Brief
Set down the final stretch of the data, from the line that holds "漫画《他的那里(完结)》第31话第26张图" through the last line, both included, with pictures left out.

Dataset section
########
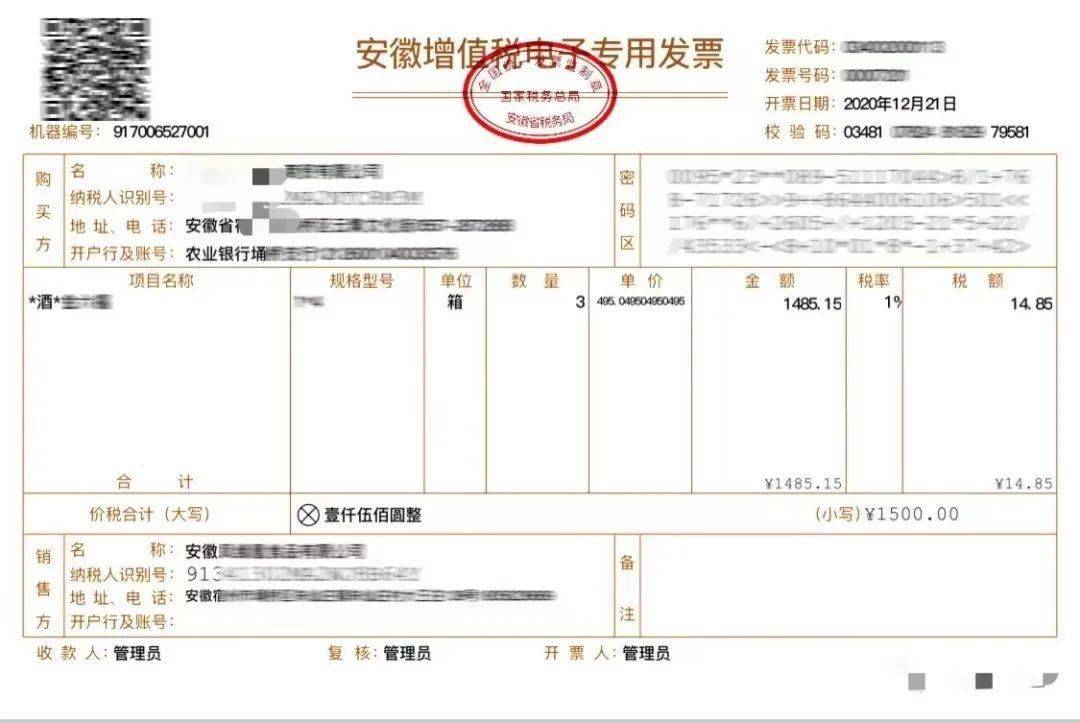 服务器退款缺少发票怎么办?服务器退款发票丢了还能退款吗 第2张 服务器退款缺少发票怎么办?服务器退款发票丢了还能退款吗 第2张
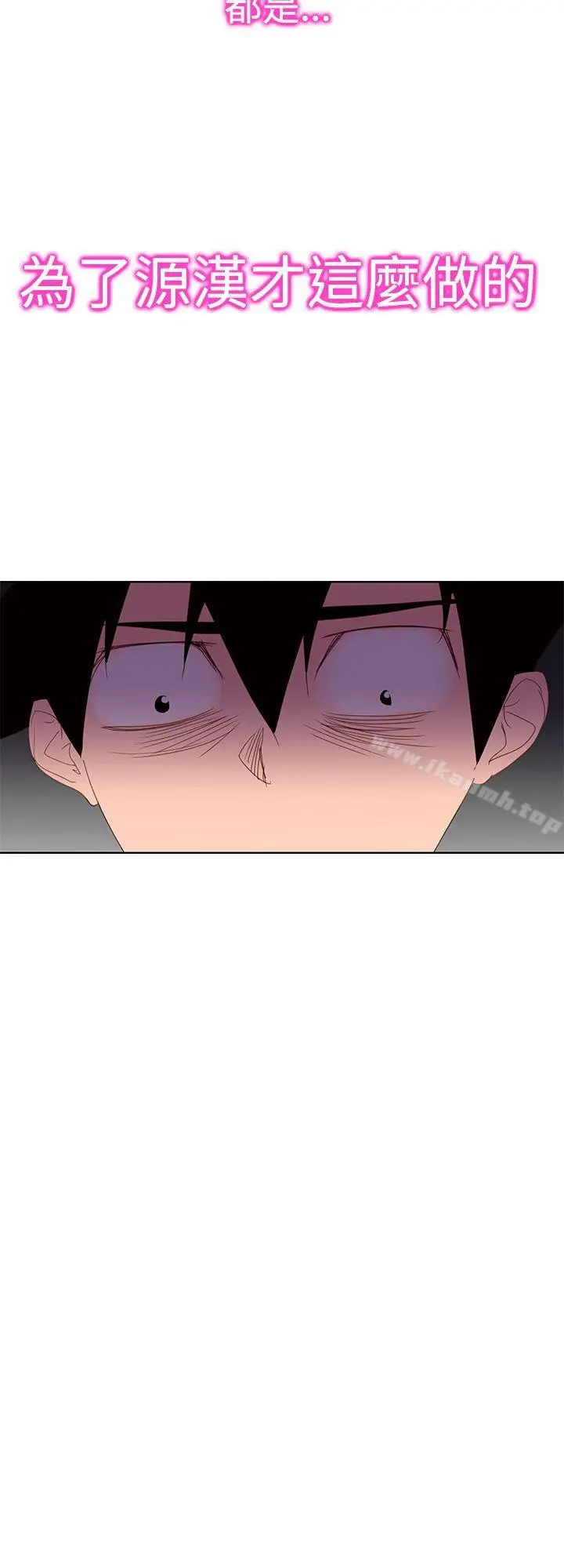 漫画《他的那里(完结)》第31话第26张图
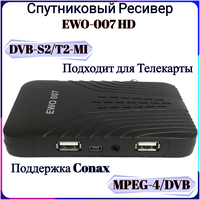 Цифровой спутниковый Ресивер EWO-007 HD MPEG-4 / DVB-S2 / T2-MI, поддержка Conax, подходит для Телекарты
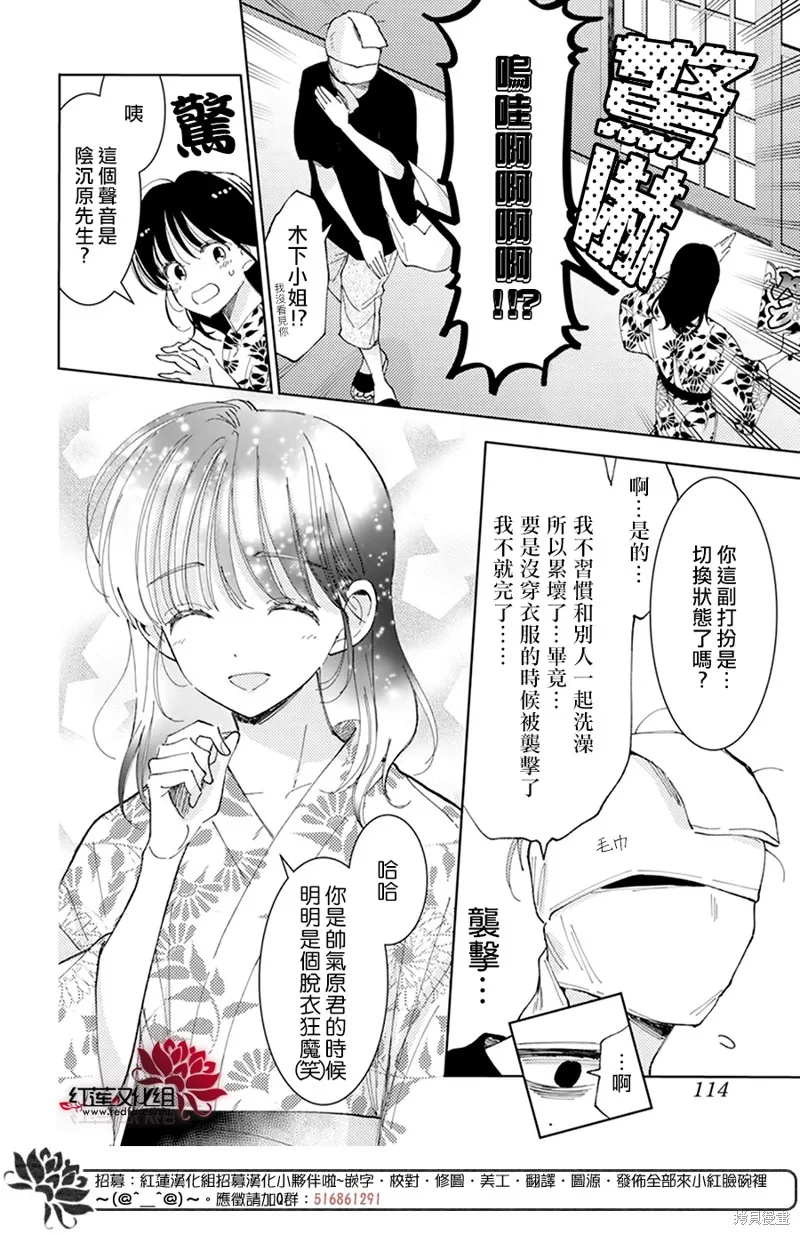 第18话 第6页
########
Task solution
 漫画《他的那里(完结)》第31话第26张图
 Цифровой спутниковый Ресивер EWO-007 HD MPEG-4 / DVB-S2 / T2-MI, поддержка Conax, подходит для Телекарты
 第18话 第6页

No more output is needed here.